Any help is greatly appreciated,
Brent


Below is my grub file. I also have run "grub-mkconfig -o /boot/grub/grub.cfg" after editing the file.

# If you change this file, run 'update-grub' afterwards to update
# /boot/grub/grub.cfg.
# For full documentation of the options in this file, see:
# info -f grub -n 'Simple configuration'

GRUB_DEFAULT=0
GRUB_TIMEOUT=5
GRUB_DISTRIBUTOR=`lsb_release -i -s 2> /dev/null || echo Debian`
GRUB_CMDLINE_LINUX_DEFAULT=""
GRUB_CMDLINE_LINUX="console=tty0 console=ttyS0, 115200"

# Uncomment to enable BadRAM filtering, modify to suit your needs
# This works with Linux (no patch required) and with any kernel that obtains
# the memory map information from GRUB (GNU Mach, kernel of FreeBSD ...)
#GRUB_BADRAM="0x01234567,0xfefefefe,0x89abcdef,0xefefefef"

# Uncomment to disable graphical terminal (grub-pc only)
GRUB_TERMINAL="console serial"
GRUB_SERIAL_COMMAND="serial --speed=115200 --unit=0 --word=8 --parity=no --stop=1"
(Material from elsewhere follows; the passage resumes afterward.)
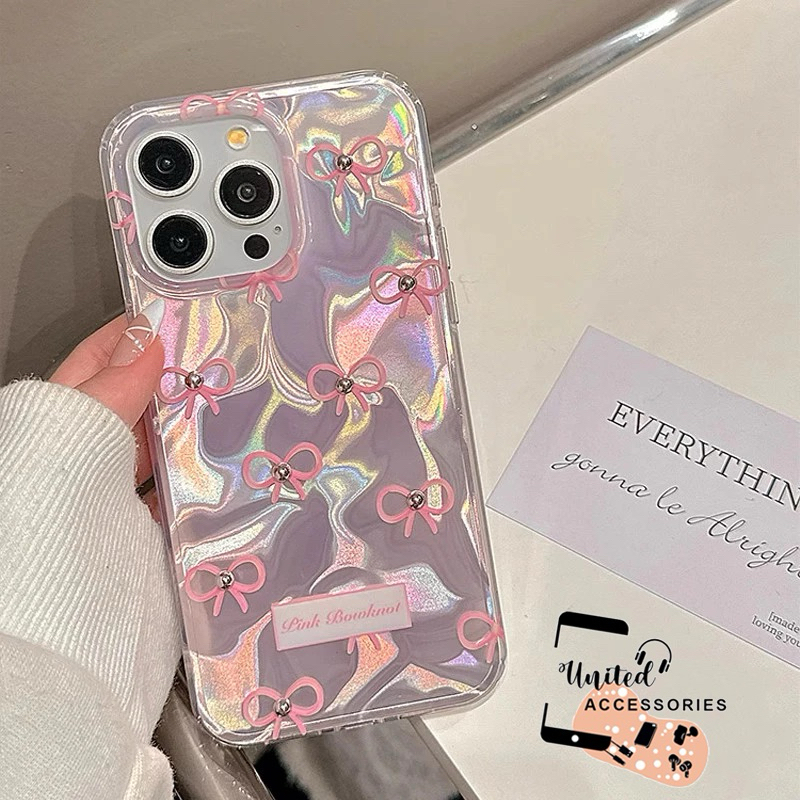 JJ207 Case For Realme C71 C75 C75X Note 50 Note 60 C61 C63 5 5i 5s 7i C2 C11 2020 C11 2021 C12 C15 C17 C20 C21Y C25 C25Y C30 C30S C31 C33 C35 C53 C55 C65 C67 - Casing Pink Bow Knot Water Ripple Fashio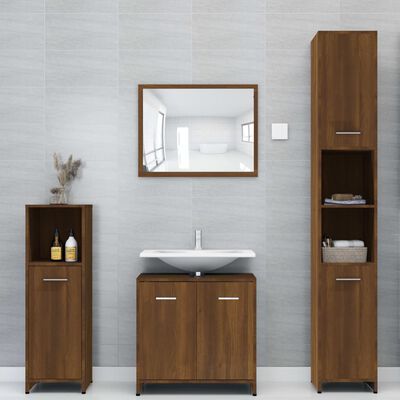 vidaXL barna tölgy színű szerelt fa fürdőszobaszekrény 30x30x95 cm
# The resolution used on graphical terminal
# note that you can use only modes which your graphic card supports via VBE
# you can see them in real GRUB with the command `vbeinfo'
#GRUB_GFXMODE=640x480

# Uncomment if you don't want GRUB to pass "root=UUID=xxx" parameter to Linux
#GRUB_DISABLE_LINUX_UUID=true

# Uncomment to disable generation of recovery mode menu entries
#GRUB_DISABLE_RECOVERY="true"

# Uncomment to get a beep at grub start
#GRUB_INIT_TUNE="480 440 1"


Here is the output that I see on the terminal screen after the grub menu.
Loading Linux 4.9.0-4-amd64 ...
Loading initial ramdisk ...
[ 15.271547] 00:03: ttyS0 at I/O 0x240 (irq = 11, base_baud = 115200) is a 16550A
[ 15.299764] 00:05: ttyS1 at I/O 0x3f8 (irq = 4, base_baud = 115200) is a 16550A
[ 15.308025] hpet: number irqs doesn't agree with number of timers
[ 15.314285] Linux agpgart interface v0.103
[ 15.318711] AMD IOMMUv2 driver by Joerg Roedel <jroedel@suse.de>
[ 15.324786] AMD IOMMUv2 functionality not available on this system
[ 15.331574] i8042: PNP: No PS/2 controller found. Probing ports directly.
[ 16.368035] i8042: No controller found
[ 16.371877] tsc: Refined TSC clocksource calibration: 1333.333 MHz
[ 16.378417] clocksource: tsc: mask: 0xffffffffffffffff max_cycles: 0x13381e82524, max_idle_ns: 440795248224 ns
[ 16.389062] mousedev: PS/2 mouse device common for all mice
[ 16.394843] rtc_cmos 00:00: RTC can wake from S4
[ 16.399767] rtc_cmos 00:00: rtc core: registered rtc_cmos as rtc0
[ 16.405982] rtc_cmos 00:00: alarms up to one month, y3k, 242 bytes nvram
[ 16.412787] intel_pstate: Intel P-state driver initializing
[ 16.419208] ledtrig-cpu: registered to indicate activity on CPUs
[ 16.428329] NET: Registered protocol family 10
[ 16.434834] mip6: Mobile IPv6
[ 16.437859] NET: Registered protocol family 17
[ 16.442382] mpls_gso: MPLS GSO support
[ 16.447734] microcode: sig=0x30679, pf=0x1, revision=0x901
[ 16.453570] microcode: Microcode Update Driver: v2.01 <tigran@aivazian.fsnet.co.uk>, Peter Oruba
[ 16.462966] registered taskstats version 1
[ 16.467195] zswap: loaded using pool lzo/zbud
[ 16.472233] ima: No TPM chip found, activating TPM-bypass!
[ 16.478728] rtc_cmos 00:00: setting system clock to 2018-02-22 19:15:42 UTC (1519326942)

Bouwser
Posts: 13
Joined: 2014-09-04 14:12

Re: trouble setting up serial console

#2 Post by Bouwser »

Found my solution. Setting the Baud Rate in the grub file does not actually change the baud rate of the serial port. The serial port has to have its baud rate set independently. This can be done manually with the stty -F /dev/ttyS0, but this setting does not save through a reboot. The default baud rate is 9600. My options were either to use the default baud rate of 9600 or cause the baud rate to change on start up. 9600 is really slow, so I choose to cause the baud rate to change on startup.
The correct way to do this seems to change every 18 months, so Google is filled with many outdated ways of doing this. The way that worked for me in Debian Stretch is to create a file in /etc/udev/rules.d called serial_console.rules, that said this...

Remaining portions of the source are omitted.